| Note that you're not "saving somebody's life" by donating a kidney. What you are doing, at best, is increasing their quality of life and even that is hard to quantify: Having a kidney transplant does not “cure” kidney disease. There are also risks, including the risks of surgery. After the transplant, you will need to take anti-rejection medicines, also called immunosuppressants, for as long as your new kidney is working, which can have side effects. You will have a higher risk for infections and certain types of cancer. Although most transplants are successful and last for many years, how long they last can vary from one person to the next. Depending on your age, many people will need more than one kidney transplant during a lifetime. https://www.kidney.org/kidney-topics/kidney-transplant The majority of kidney patients with end-stage kidney disease do not simply die: they can survive several years on dialysis. As far as I can tell, most indeed do: only a minority of kidney patients ever get transplants. Source: relative with kidney disease who would not accept a living donour kidney because of ethical concerns. |
The US has a problem where there are a bunch of outfits whose income is derived specifically from dialysis, so for them transplants are bad business.

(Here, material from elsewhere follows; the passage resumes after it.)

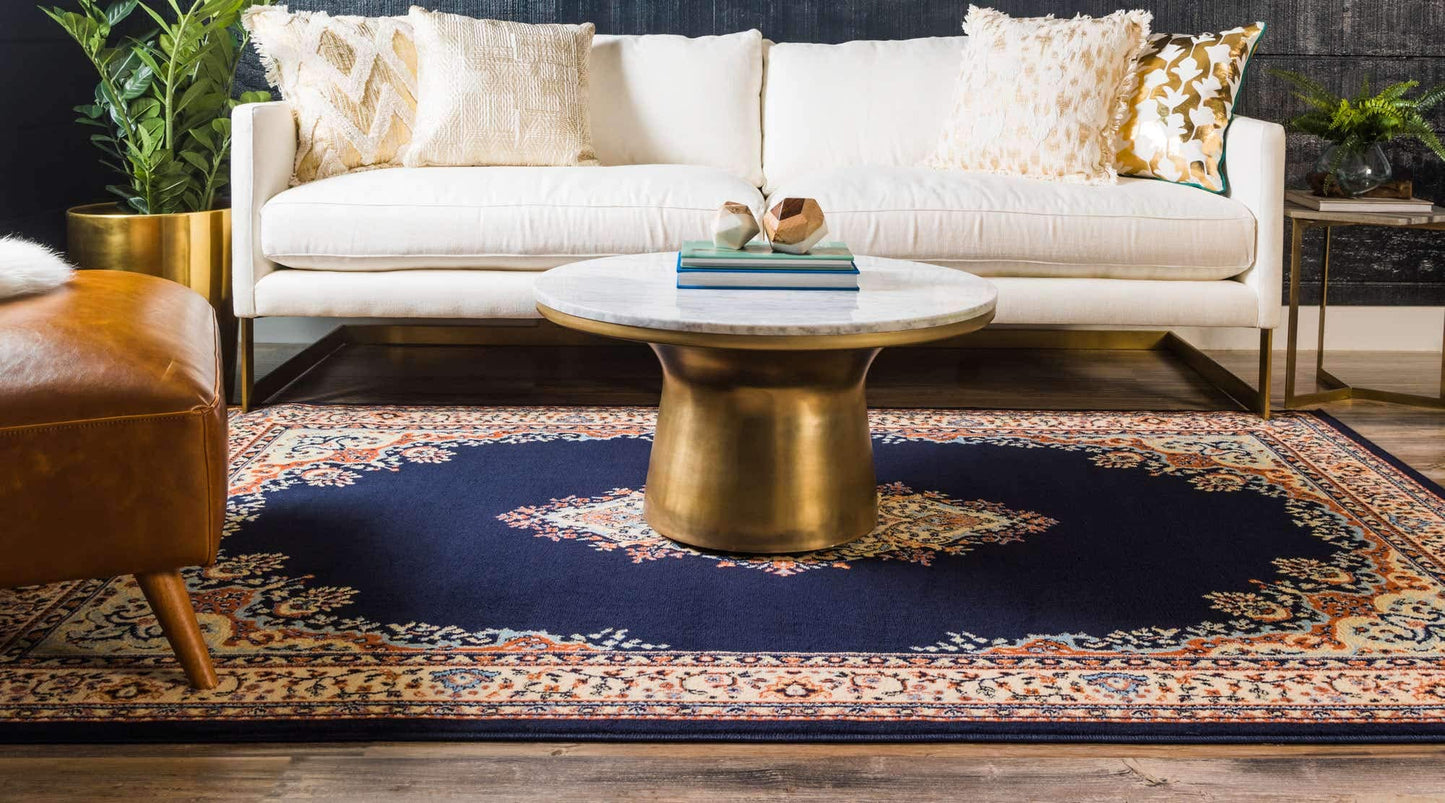 Unique Loom Reza Collection Traditional Persian Style Area Rug, 6 x 9 ft, Navy Blue/Ivory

Sure, the patient will (statistically) have a longer life and enjoy higher quality of life, but their income will be reduced so...
This results in a rather... muted endorsement of qualitatively better outcomes and where there's obviously also going to be an ethical component I'd say that's undesirable.
We all die. People with kidney disease die significantly sooner statistically if they do not receive a transplant, so this is the sense in which I mean saving a life.